# [The data]

☆ ☆ ☆ ☆

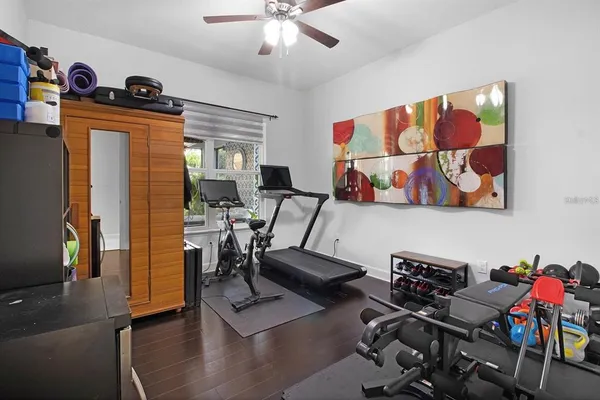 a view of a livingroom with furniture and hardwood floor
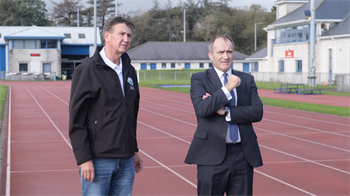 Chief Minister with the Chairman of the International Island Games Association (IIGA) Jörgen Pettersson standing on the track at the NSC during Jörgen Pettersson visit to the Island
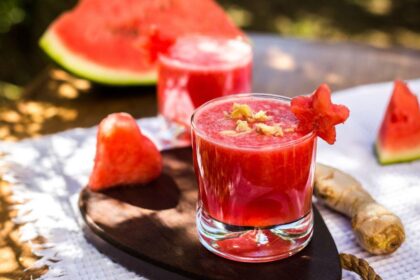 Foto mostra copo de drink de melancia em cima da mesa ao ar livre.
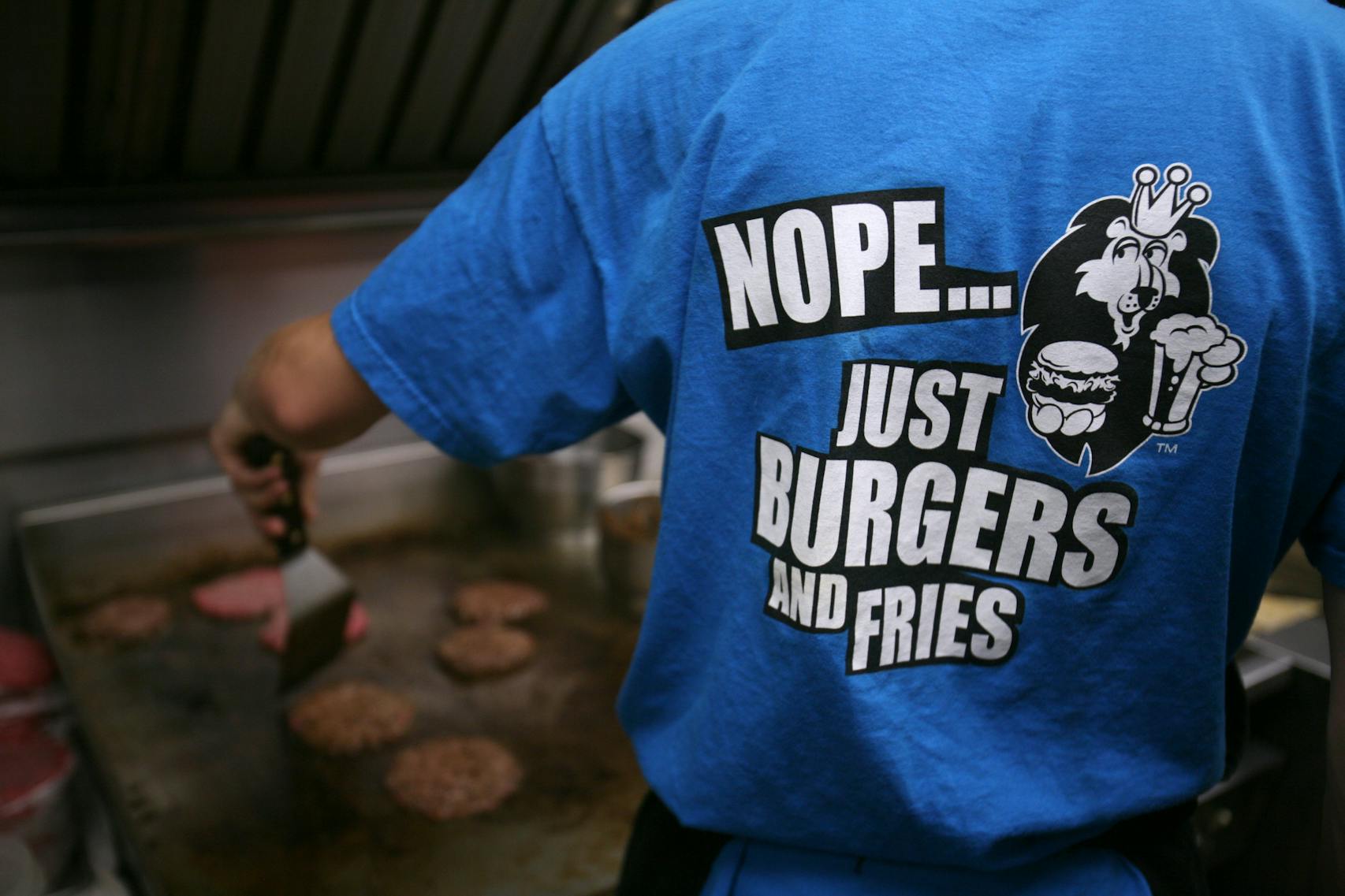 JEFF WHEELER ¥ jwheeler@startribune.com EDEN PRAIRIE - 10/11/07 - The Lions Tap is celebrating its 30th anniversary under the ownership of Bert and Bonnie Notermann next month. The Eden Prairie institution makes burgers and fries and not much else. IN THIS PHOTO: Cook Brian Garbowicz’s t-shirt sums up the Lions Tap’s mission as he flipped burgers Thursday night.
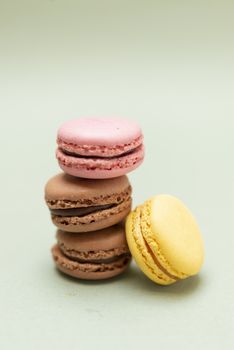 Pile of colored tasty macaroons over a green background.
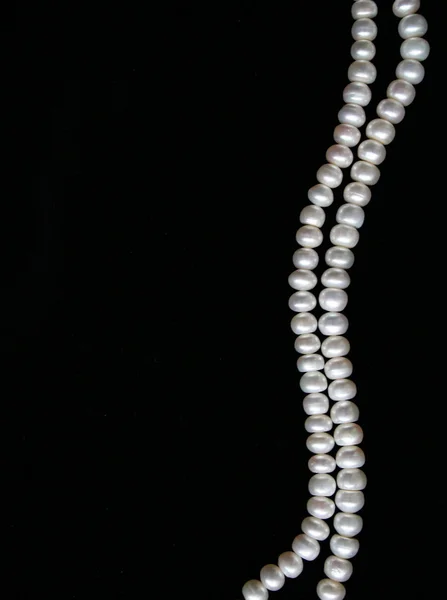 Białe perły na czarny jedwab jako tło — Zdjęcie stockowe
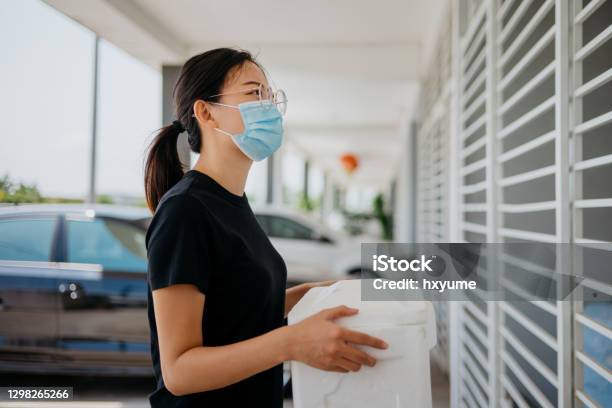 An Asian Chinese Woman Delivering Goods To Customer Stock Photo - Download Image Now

☆ ☆ ☆ ☆

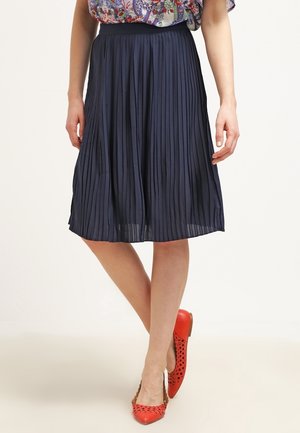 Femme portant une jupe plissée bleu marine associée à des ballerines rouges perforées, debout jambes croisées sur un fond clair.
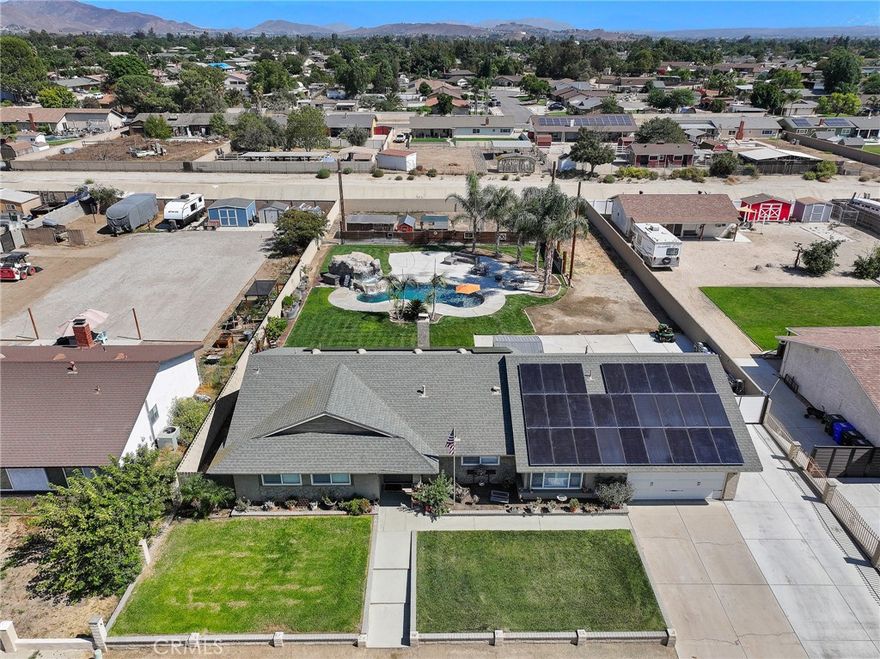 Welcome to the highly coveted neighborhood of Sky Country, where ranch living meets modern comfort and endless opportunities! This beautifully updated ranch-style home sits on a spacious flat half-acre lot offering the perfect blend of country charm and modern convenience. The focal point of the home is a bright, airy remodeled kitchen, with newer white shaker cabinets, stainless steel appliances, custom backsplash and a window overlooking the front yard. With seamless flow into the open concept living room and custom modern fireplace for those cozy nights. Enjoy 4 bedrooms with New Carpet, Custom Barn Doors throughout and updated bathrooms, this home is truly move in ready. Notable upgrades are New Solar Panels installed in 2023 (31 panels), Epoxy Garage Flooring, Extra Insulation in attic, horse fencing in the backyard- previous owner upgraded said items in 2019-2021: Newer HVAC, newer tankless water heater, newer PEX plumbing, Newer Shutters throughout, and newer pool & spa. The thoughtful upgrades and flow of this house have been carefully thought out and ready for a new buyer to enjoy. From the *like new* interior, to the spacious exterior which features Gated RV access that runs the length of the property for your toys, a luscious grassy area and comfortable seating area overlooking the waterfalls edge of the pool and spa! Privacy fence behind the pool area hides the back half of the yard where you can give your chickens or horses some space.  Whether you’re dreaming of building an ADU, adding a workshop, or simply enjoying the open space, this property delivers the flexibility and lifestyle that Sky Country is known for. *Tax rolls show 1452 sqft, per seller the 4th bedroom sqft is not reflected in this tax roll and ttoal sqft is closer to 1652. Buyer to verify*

☆ ☆ ☆ ☆

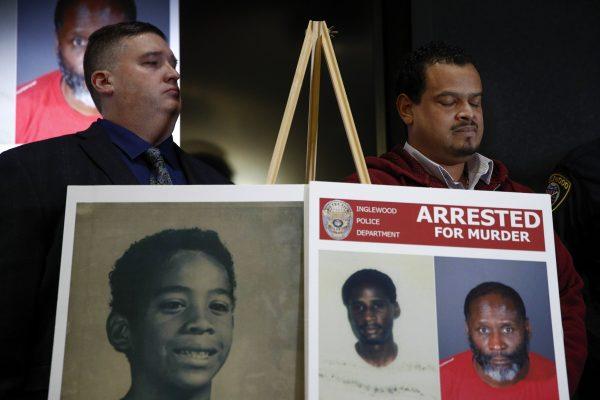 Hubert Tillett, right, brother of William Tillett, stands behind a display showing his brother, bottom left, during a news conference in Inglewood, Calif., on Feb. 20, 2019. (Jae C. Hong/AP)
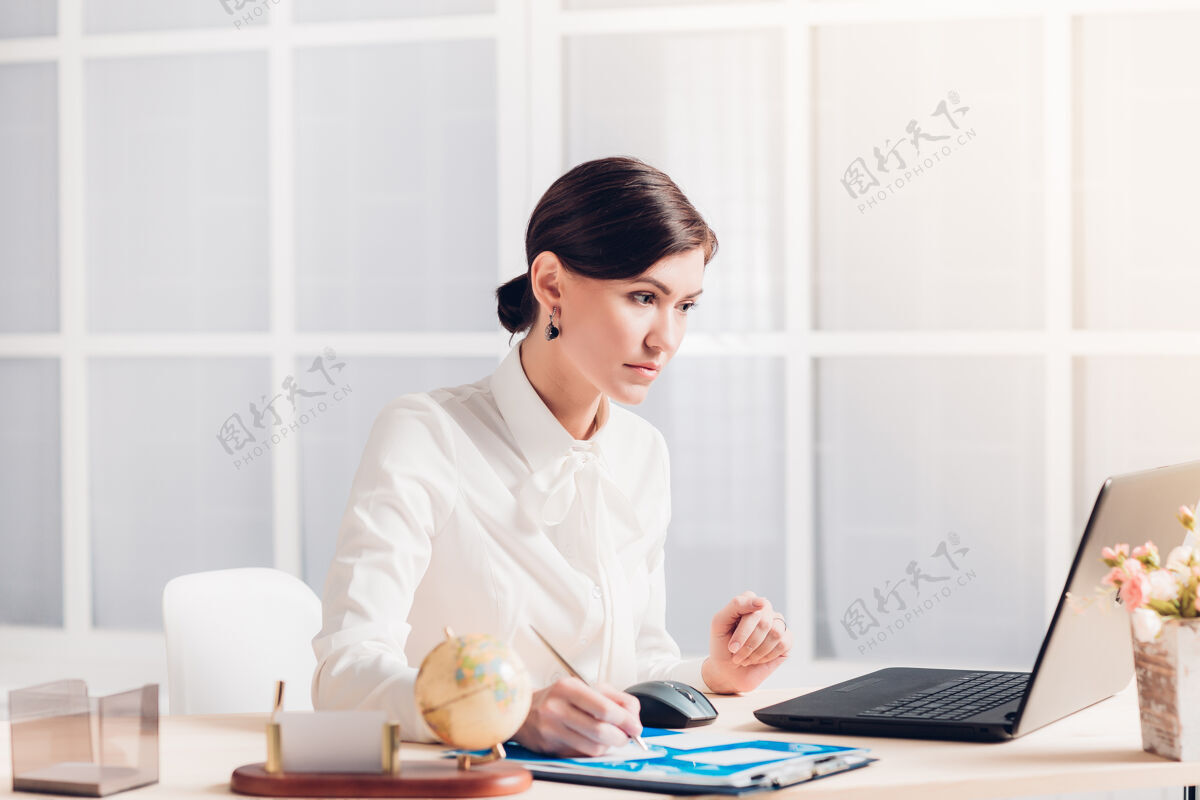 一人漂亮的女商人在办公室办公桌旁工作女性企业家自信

☆ ☆ ☆ ☆

# [Task details]
What are the lines above from the one with "Pile of colored" to the one with "An Asian Chinese", both included? Reproduce them exactly, without pictures.

# [Answer space]
 Pile of colored tasty macaroons over a green background.
 Białe perły na czarny jedwab jako tło — Zdjęcie stockowe
 An Asian Chinese Woman Delivering Goods To Customer Stock Photo - Download Image Now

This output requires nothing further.